Atlantic Sells Kindle Fiction, “Twitter” is Top Word of 2009, and More

by
Adrian Versteegh
12.7.09

Every day Poets & Writers Magazine scans the headlines—from publishing reports to academic announcements to literary dispatches—for all the news that creative writers need to know. Here are today's stories:

Starting today, the Atlantic will release two short stories every month (inaugural offerings are by Christopher Buckley and Edna O’Brien) for sale exclusively through Amazon’s Kindle store (New York Times).

Lambda Rising—the oldest LGBT bookstore in Washington, D.C., and the progenitor of the nonprofit Lambda Literary Foundation—will close its two remaining locations by January.

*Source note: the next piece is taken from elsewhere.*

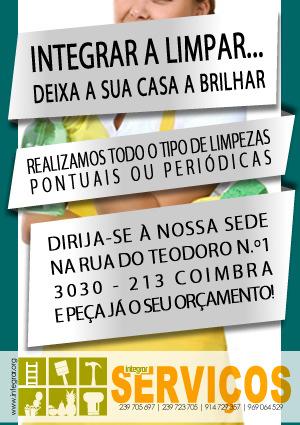 Realizamos todo tipo de limpezas, pontuais ou periódicas! - Casas particulares, condomínios, jardins Preços muito acessíveis.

A handwritten poem by Edgar Allan Poe, the manual typewriter used since 1963 by Cormac McCarty, and a letter written by George Washington—which fetched over three million dollars—were among the record-setting literary sales chalked up by Christie’s last week (Associated Press). The auction house had harder luck with the manuscript of Vladimir Nabokov’s The Original of Laura, which was withdrawn from sale after bidding failed to approach the half-million-dollar expectation (Straits Times).

An Amazon spokesperson has denied rumors—reported yesterday by the Times of London—that the retailer is conducting a “secret search” for bricks-and-mortar locations (Press Association).

Online literary community Protagonize—which lets authors network and share writing—has passed the ten-thousand-member milestone.

The Ahmed Baba Institute—a library dedicated to preserving the often-neglected literary heritage of sub-Saharan Africa—has moved into a new, state-of-the-art facility in Timbuktu, Mali (BBC).

Plans for a joint digital venture are expected to be announced this week by News Corp., Time Inc., Conde Nast, Hearst, and Meredith (Financial Times).